Even the big boys — the Toys “R” Uses and Amazons of the world — had to resort to partnerships to remedy the fulfillment ills. Such strategic maneuvers not only led to healthy improvements in online service delivery but also ushered in the most silent of all holiday seasons.

Why? Because the din of bad publicity that e-tailing delinquency had elicited was suddenly gone.

In many ways, the latest holiday season’s tranquil passing paralleled that of the millennium bug. Remember the hype and expectation, the fear and preparation? All the precautions and presentiments were understandable or necessary, but, as things turned out, the forecasts and arrangements simply contributed to the proverbial tempest in a tea cup. Although e-tailing weathered the storm of failures during the 1998 and 1999 holiday seasons, expectations of e-tailing’s inevitable collapse and demise were as rife as the worldwide expectations of electronic collapse on the eve of 2000. But, in the end, instead of a big bang we heard barely a whimper.

Silence is golden.

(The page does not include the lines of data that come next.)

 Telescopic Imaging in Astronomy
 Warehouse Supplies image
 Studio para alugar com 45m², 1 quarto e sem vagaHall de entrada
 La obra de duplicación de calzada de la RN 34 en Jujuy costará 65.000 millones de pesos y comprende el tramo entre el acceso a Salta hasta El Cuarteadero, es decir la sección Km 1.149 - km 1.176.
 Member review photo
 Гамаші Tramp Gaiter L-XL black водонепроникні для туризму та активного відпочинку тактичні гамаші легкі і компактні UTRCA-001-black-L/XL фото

There wasn’t a lot to make a big noise about as far as online retailing was concerned. Perhaps because everyone was so focused on the fact that the e-tailing disaster just shouldn’t happen again, it didn’t. And a review of the last holiday season’s sales figures confirms that it didn’t.

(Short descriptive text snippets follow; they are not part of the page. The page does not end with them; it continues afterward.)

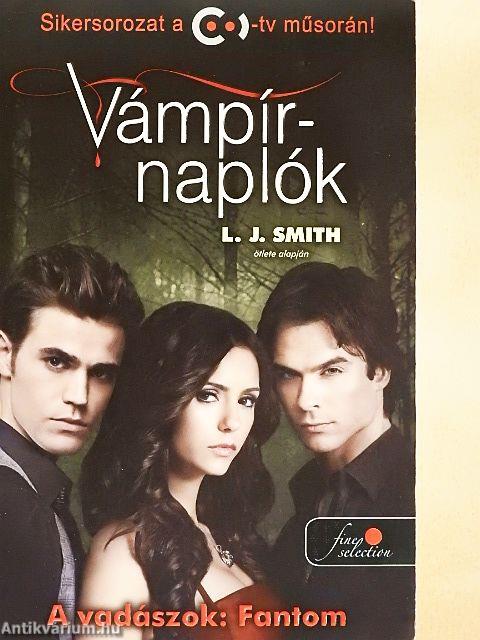Vámpírnaplók 8.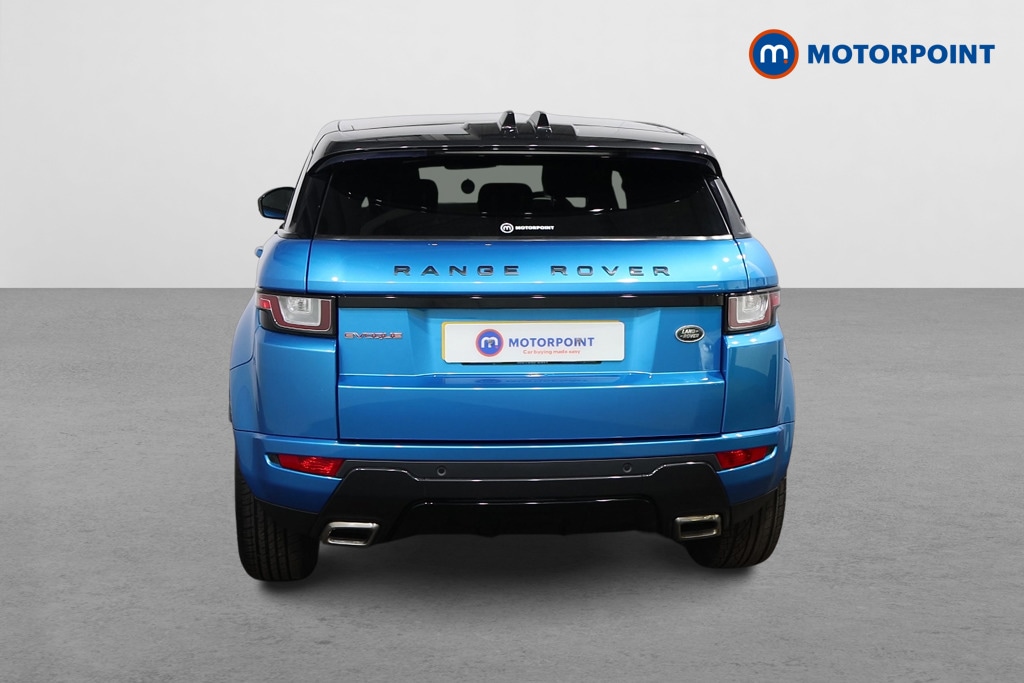 Used Land Rover Range Rover Evoque 2018 for sale - 76502693: Photo 6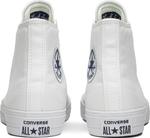 Кроссовки Converse Chuck Taylor All Star 2 Hi White, белый - фото 6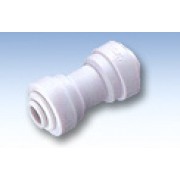 Straight Connector 1/4 inch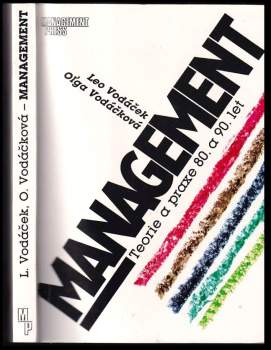 Leo Vodáček: Management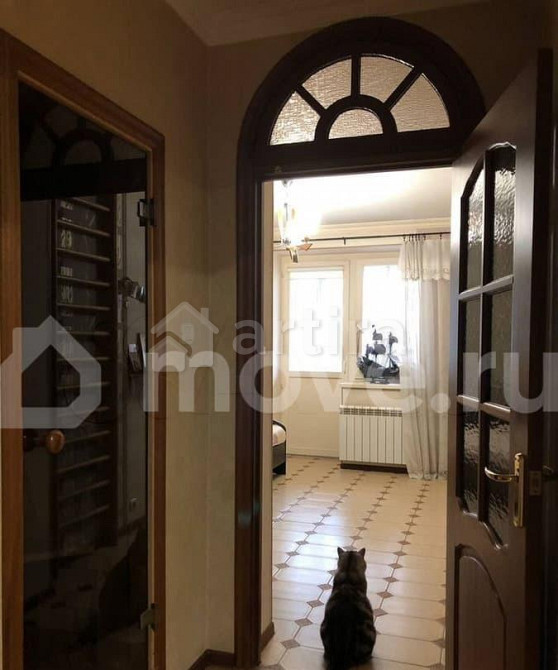 3-комн. квартира, 112 м2, 3/7 эт. Москва - изображение 7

eMarketer states that consumers spent an average of $215 online during the 1999 holiday season. Average spending increased to $280 in the 2000 holiday season. Not bad, considering all the bad press dot-coms had attracted during the previous year and the threat of fulfillment problems that prefaced consumers’ relationships with dot-com e-tailers up till this period.

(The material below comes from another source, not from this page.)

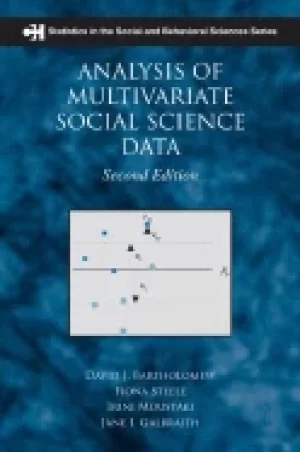 Image of analysis of multivariate social science data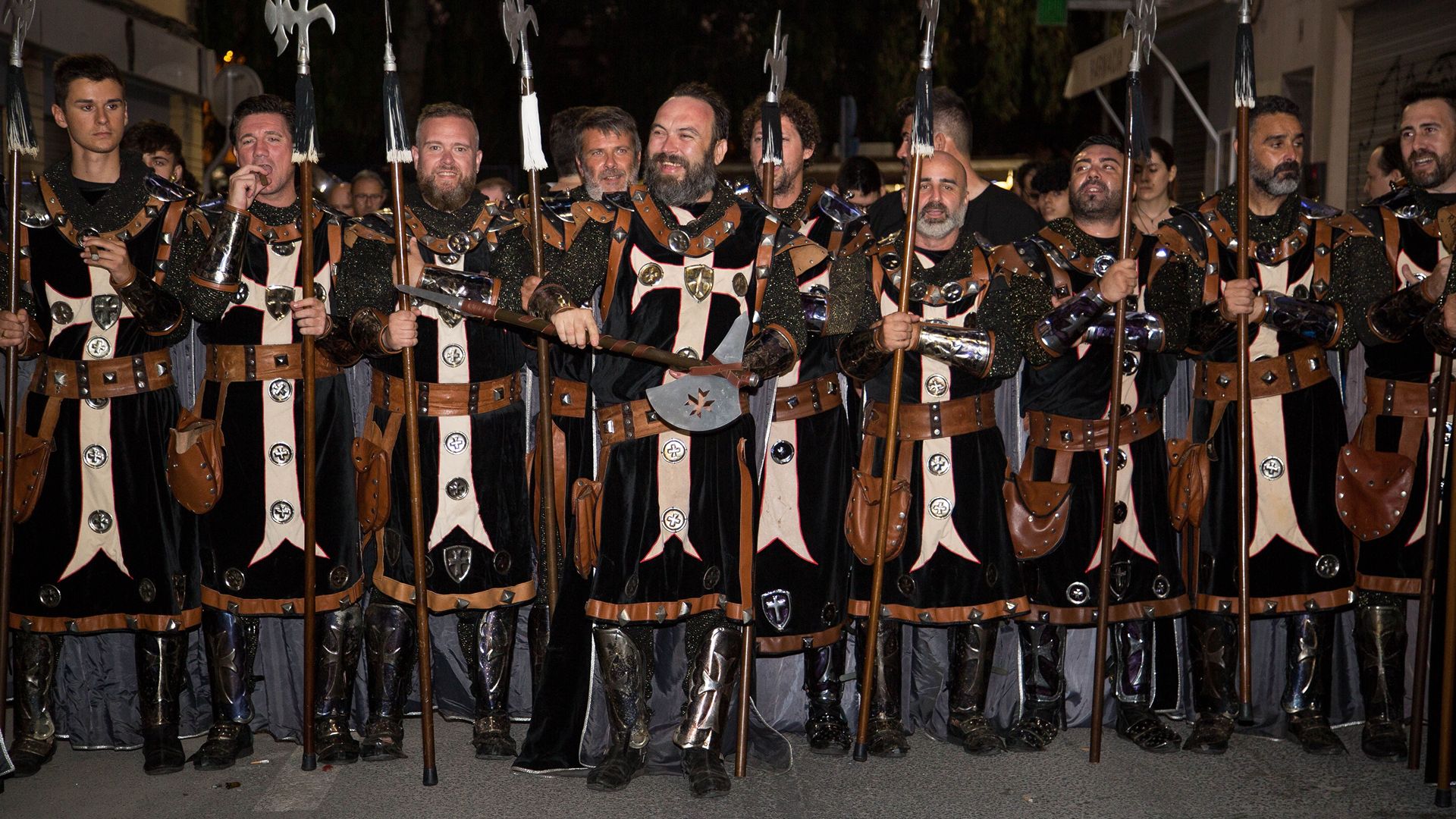 Fiestas de Moros y Cristianos San Blas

Yes, the holiday silence was golden because it whispered of a successful, disaster-free season for e-tailers. Apparently, there wasn’t much for the media to report on: no major failures, no major lawsuits, no major consumer-complaint rushes.

The fact is, there should be no need to report on the absence of failure. Do you remember a holiday season prior to 1994 in which the media headlined articles like so: “This Year’s Holiday Season a Major Success for Retailers as They Managed to Deliver All Their Products on Time, Had Fewer Complaints, and Kept Their Promises”? I don’t.

Why?

Because such achievements are surely assumed to be everyday facts in retailing. They represent adherence to fundamental business principles that determine commercial survival.

Well, congratulations, e-tailers. You finally passed the test. It was the most elementary one, but also the most important. You’ve matured, so much so that you’re now included in the grownups’ press coverage. You don’t occupy columns of your own that discuss infrastructure problems, branding problems, keeping-your-promise problems, and other start-up problems. Articles on e-tailing can now discuss how the business looks as a mature industry: how the e-tailing machine is growing and being maintained rather than how it’s being built.

Having this in mind, my next question is, What will be the press’s focus on e-tailing during 2001, now that the media’s love-to-hate darling has succeeded? Time will tell. But I wouldn’t be surprised if you find the answer in articles covering traditional retailing.